Bois Cotlette is one of the island’s oldest surviving estates. It was founded in the 1720’s during the early years of settlement by the French, who by this time had already founded plantation estates on Guadeloupe to the north and Martinique to the south. Fast forward nearly 300 years, it was New Jersey natives, Jonathan Lehrer and his wife, Victoria, who got lost on a business trip to the island and literally stumbled across Bois Cotlette thanks to one of Soufriere’s residents offering to show them around. The couple fell in love with the estate, bought it, resurrected the centuries old coffee and cocoa production and opened the estate to the public. Today, Bois Cotlette features a collection of well-preserved French Colonial buildings. These include the recently renovated Maison de Maître, buildings for the processing of coffee and cocoa, and the only existing yet non-functional windmill tower on Dominica.

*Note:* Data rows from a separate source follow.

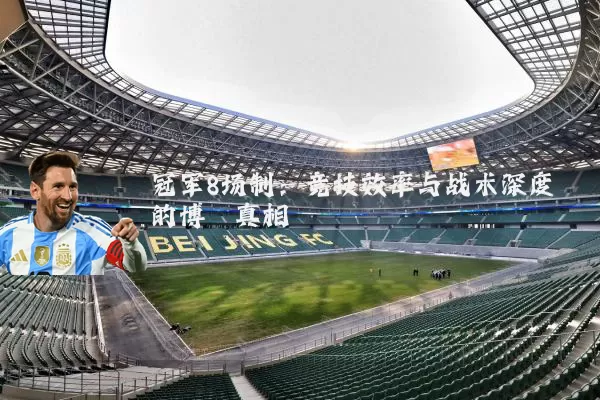 冠军8场制：竞技效率与战术深度的博弈真相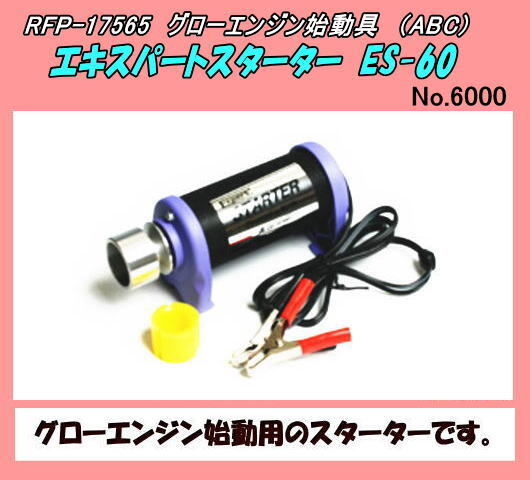 RC スーパーエンジンスタート中古 2026年最新】Yahoo!オークション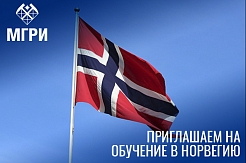 Стартовал прием заявок на финансирование обучения в норвежских вузах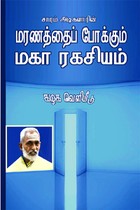 மரணத்தைப் போக்கும் மகா ரகசியம்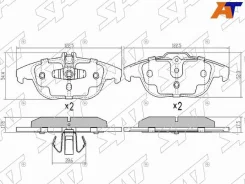 ������� ��������� SAT ST-A0054204220, ������ STA0054204220 ����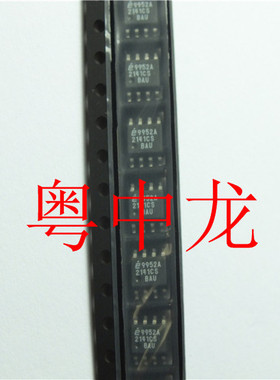 粤中龙 EL2141CS-MAT-T2  SOP8  电子元器件配单集成电路芯片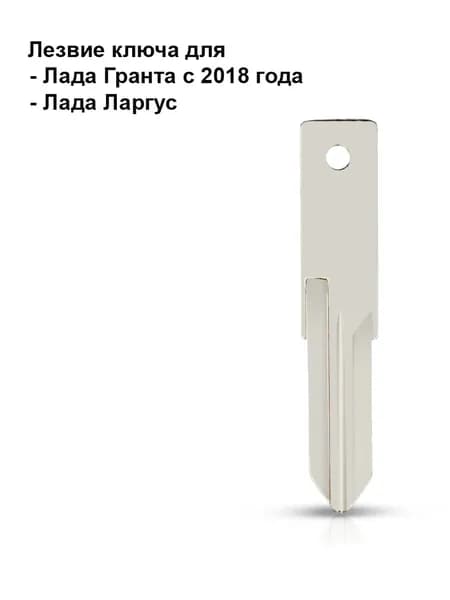 Заготовка лезвие ключа для Лада Гранта Фл FL Ларгус VAC102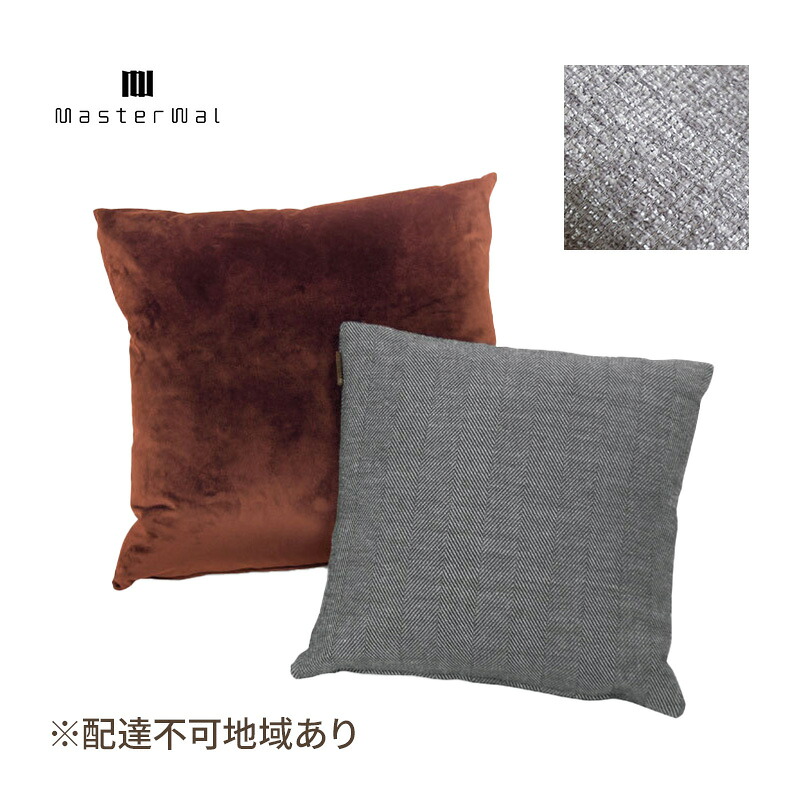 ふるさと納税 マスターウォール　クッション（NARVIK ポーラー）1個 岡山県里庄町 マスターウォール クッション （NARVIK ポーラー）1個 雑貨 寝具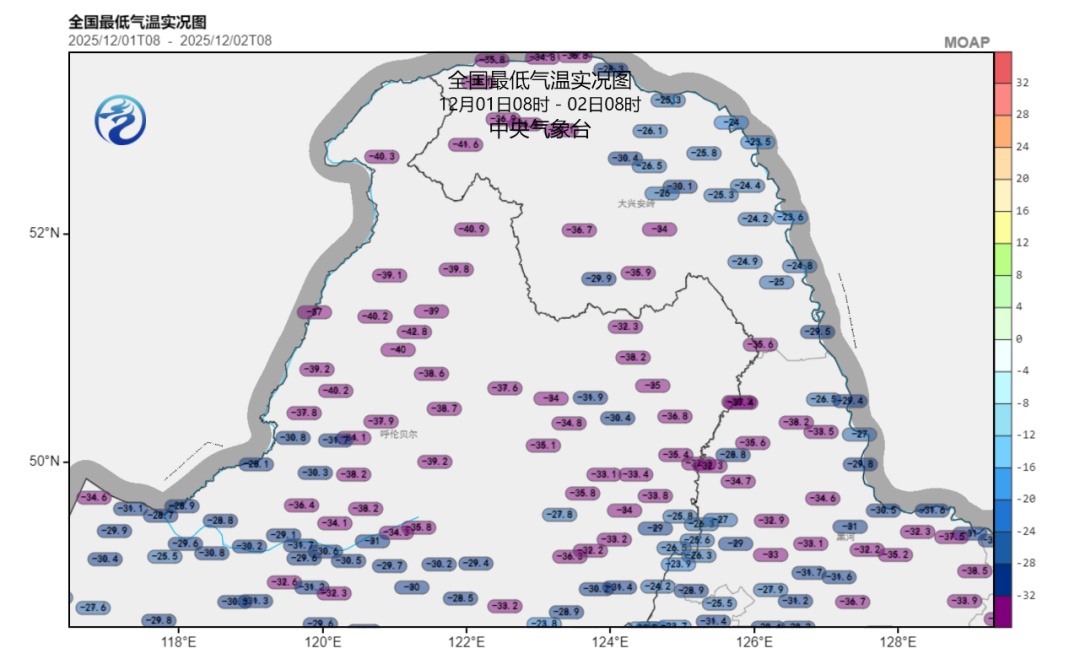 “极冷”冷涡系统形成! “极冷”冷涡系统形成!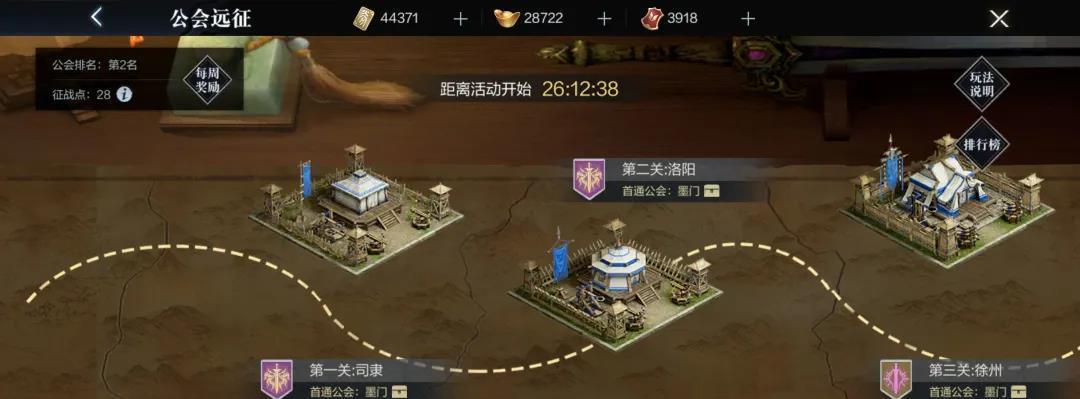 真三国无双霸退出公会的步骤是什么？如何正确退出公会？
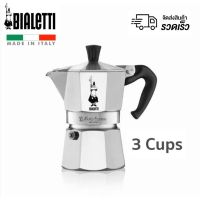 Bialetti หม้อต้ม กาแฟสด รุ่น Moka Express ขนาด 2-3 cup (สีเงิน)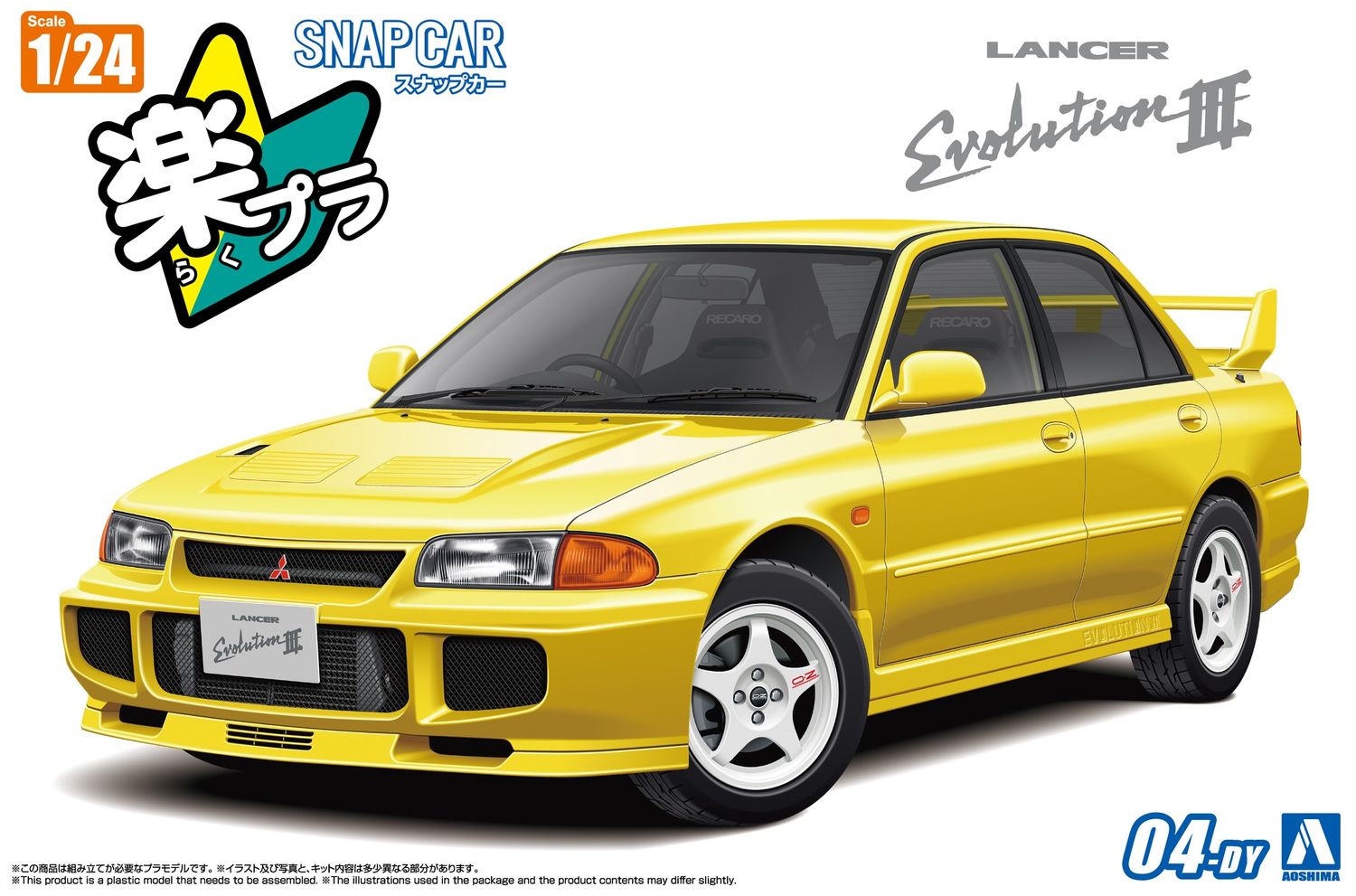 Aoshima 1/24 Snap Car #04-DY CE9A LANCER GSR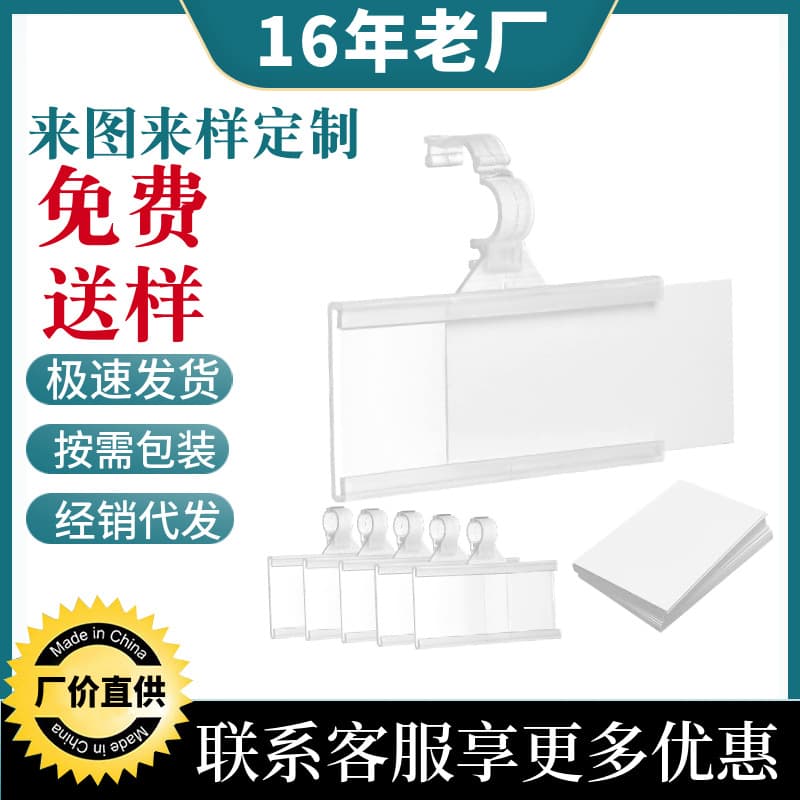 Amazon supermarket basket shelf price tag card sleeves with cardstock, plastic hanging tag hook-style price signs, POP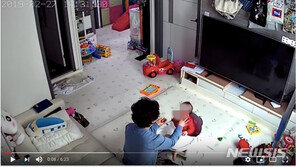 감시의 대상 된 베이비시터들…“이런 대접 섭섭해”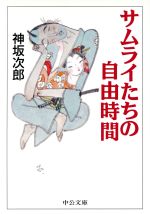 ISBN 9784122033276 サムライたちの自由時間   /中央公論新社/神坂次郎 中央公論新社 本・雑誌・コミック 画像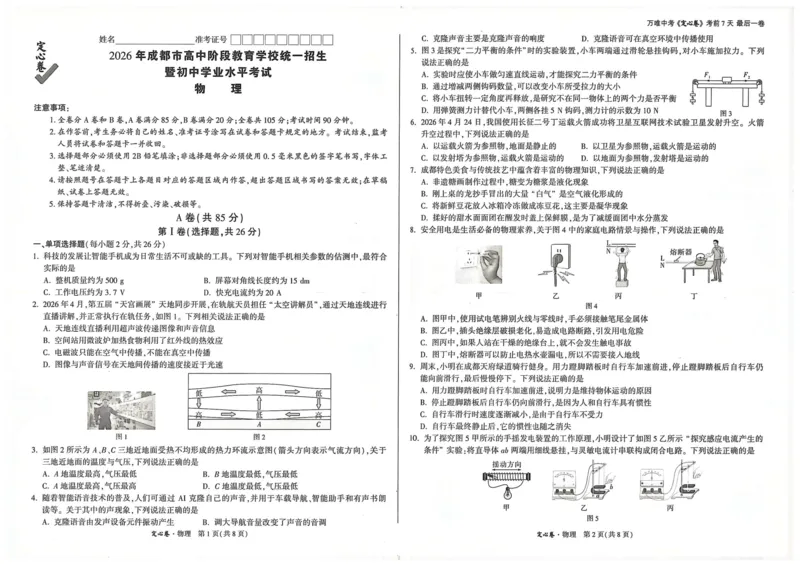 《4.物理_2026版《万唯中考定心卷》7科多省合集_万唯2026版中考《万唯定心卷》语数外物化（成都）》第1页预览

Since 2009, Dr. Mark Hauser, assistant professor of anthropology at Northwestern University in Illinois USA, has led excavations and unearthed a great deal of the estate’s past. For foodies, chocoholics or those who like to get a true taste of where they’ve cruised, it’s the bean to bar history of chocolate that is most fascinating.

Out of 35 acres suitable for farming on the estate, the other 15 being way too steep, cocoa grows on 5 acres. The cocoa farmed here is the high quality (lots of aroma with little bitterness), relatively scarce Criollo variety. This variety makes up only about 3 percent of global cocoa production, and in addition to limited supply, doesn’t bear as prolifically as the much more plentiful and supermarket variety of Forastero, so Criollo is usually more expensive. Thirty to forty cocoa beans grow in a pod the size of a small papaya. It’s from the pod that the Dominica Chocolate Tour at Bois Cotlette starts, led by Jonathan. He talks through and shows the old-time equipment used in the fermenting process that turns beans a chocolatey brown to the drying, roasting and grinding.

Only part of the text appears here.